• What you have to do:
Output every entry exactly as written, skipping any pictures.
Material to process below:
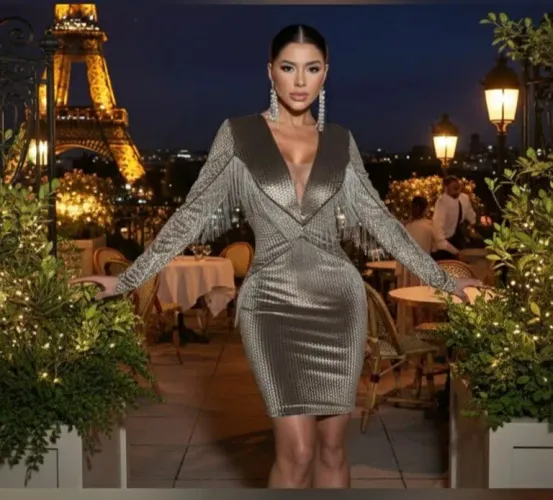 Vestido estilo gringa 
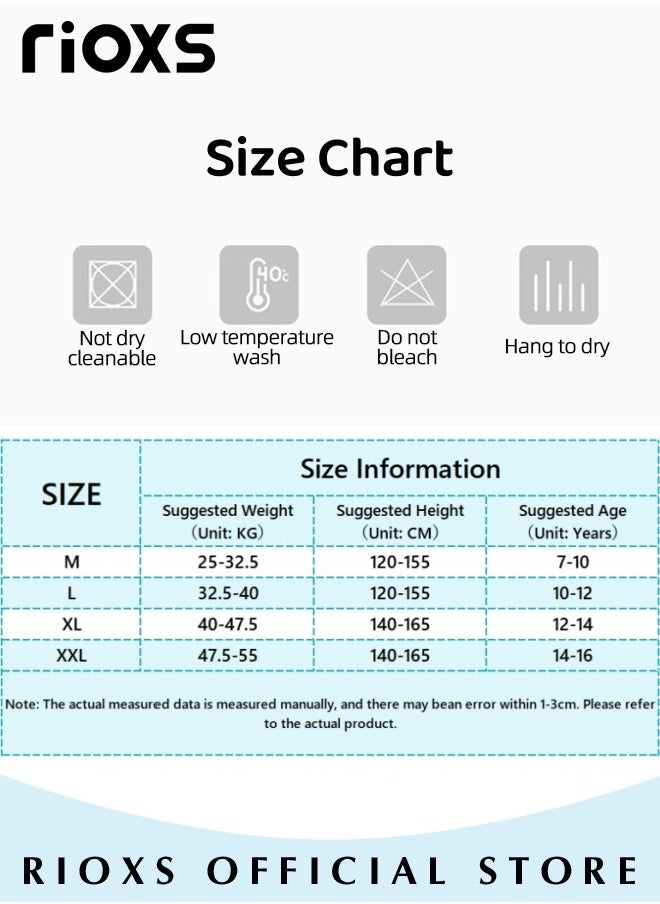 RIOXS Boys Two Piece Rash Guard Short Sleeve Swimsuit Kid Water Sport Swimwear Sun Protection Bathing Suits With Shorts  - Image 4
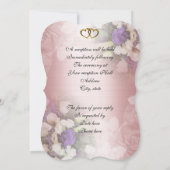 Einladung zur Hochzeit romantische Blumen (Rückseite)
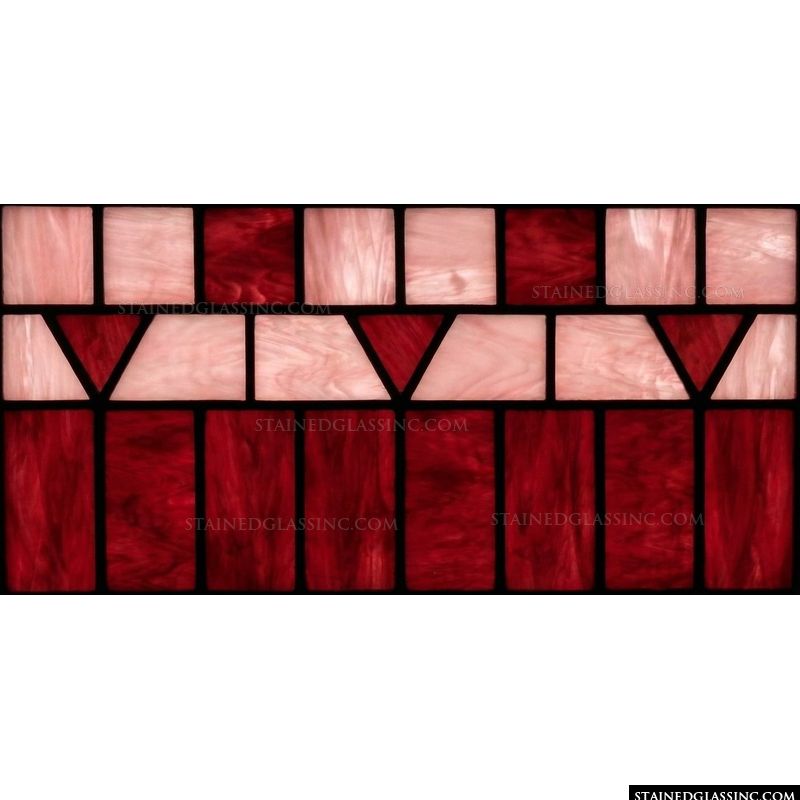 Geometric Crimson and Blush Border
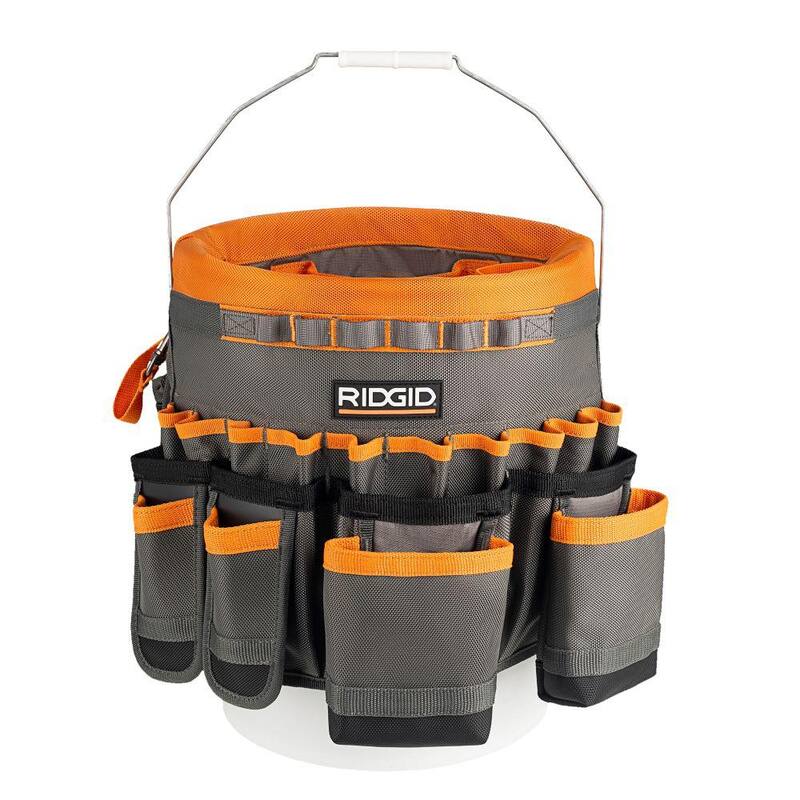 RIDGID 30 in. 35 Pocket Professional Grade Tool Bucket Bag - RD10030-TH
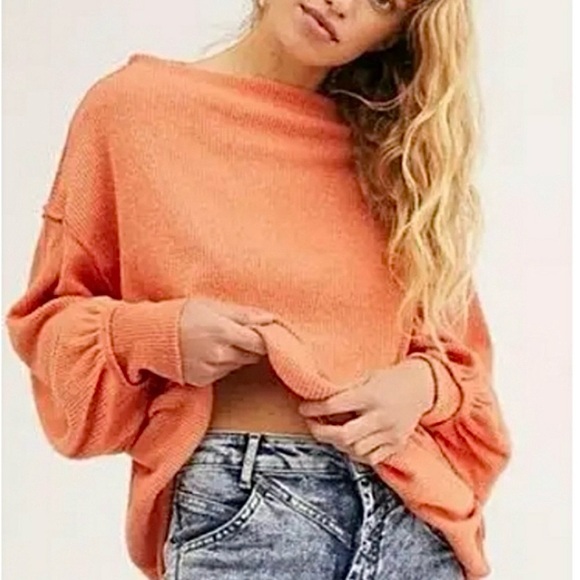 NEW Free People Ribbed Oversized Main Squeeze Hacci Top - Picture 13 of 14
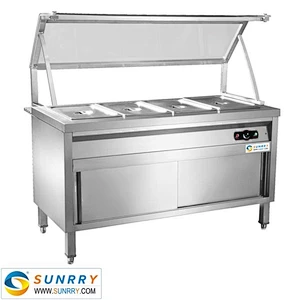 Electric hot bain marie with 5 pans - bain marie cooking equipment with prices (SUNRRY SY-BM1900R)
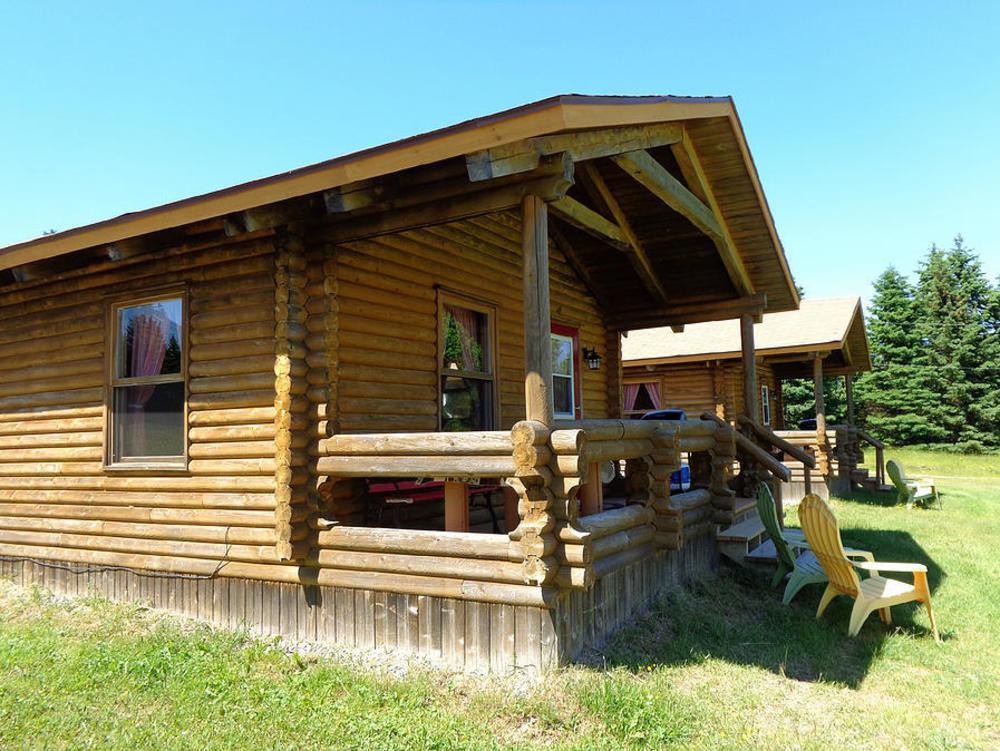 Cajun Cedar Log Cottages Margaree Forks Exterior foto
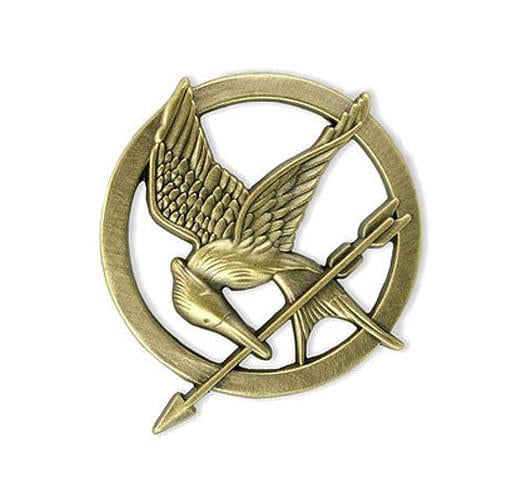 The Hunger Games Movie Prop Mockingjay Pin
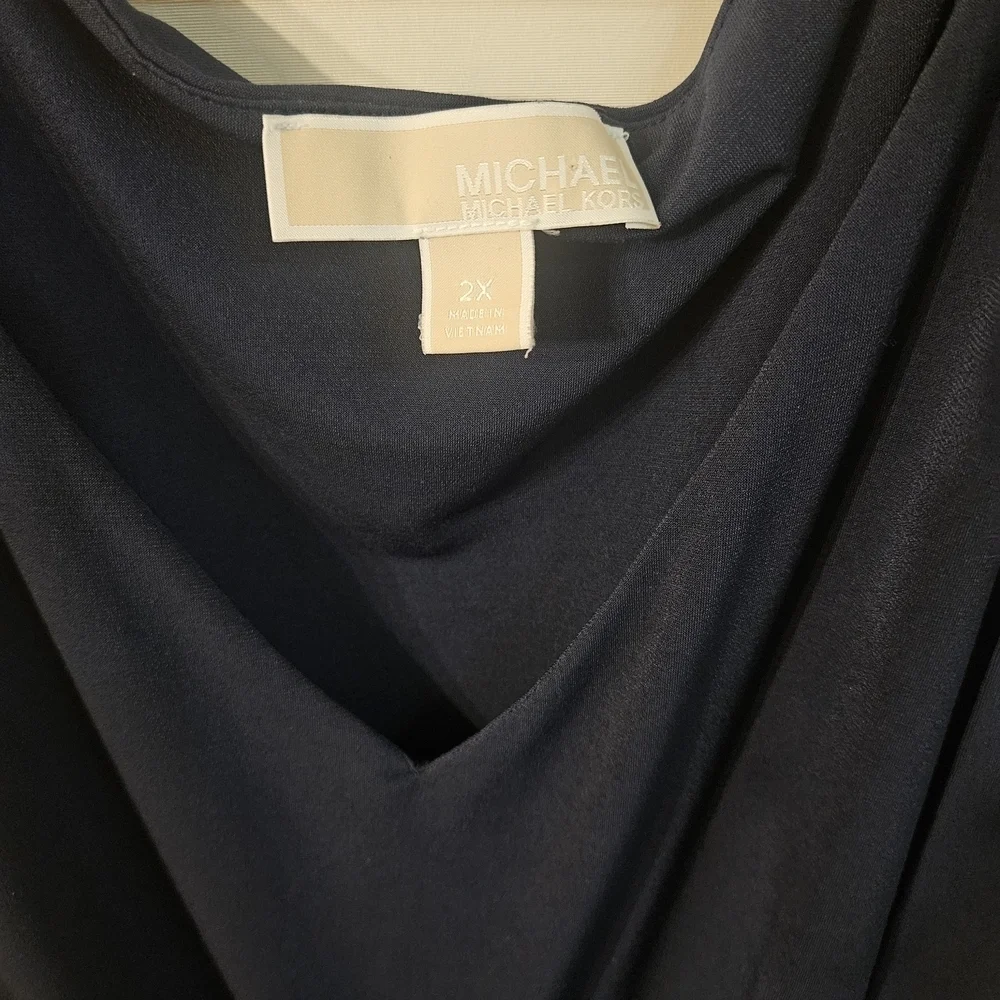 Michael Kors Navy Mini Sleeveless Dress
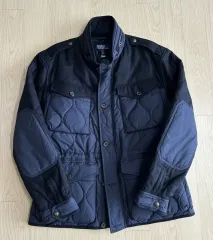 ポロ ラルフローレン キルティング ウール マウンテンパーカー ジャケット ネイビー XL サイズ 新品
End of Material to process.
• Solution for this task:
 Vestido estilo gringa 
 RIOXS Boys Two Piece Rash Guard Short Sleeve Swimsuit Kid Water Sport Swimwear Sun Protection Bathing Suits With Shorts  - Image 4
 Einladung zur Hochzeit romantische Blumen (Rückseite)
 Geometric Crimson and Blush Border
 RIDGID 30 in. 35 Pocket Professional Grade Tool Bucket Bag - RD10030-TH
 NEW Free People Ribbed Oversized Main Squeeze Hacci Top - Picture 13 of 14
 Electric hot bain marie with 5 pans - bain marie cooking equipment with prices (SUNRRY SY-BM1900R)
 Cajun Cedar Log Cottages Margaree Forks Exterior foto
 The Hunger Games Movie Prop Mockingjay Pin
 Michael Kors Navy Mini Sleeveless Dress
 ポロ ラルフローレン キルティング ウール マウンテンパーカー ジャケット ネイビー XL サイズ 新品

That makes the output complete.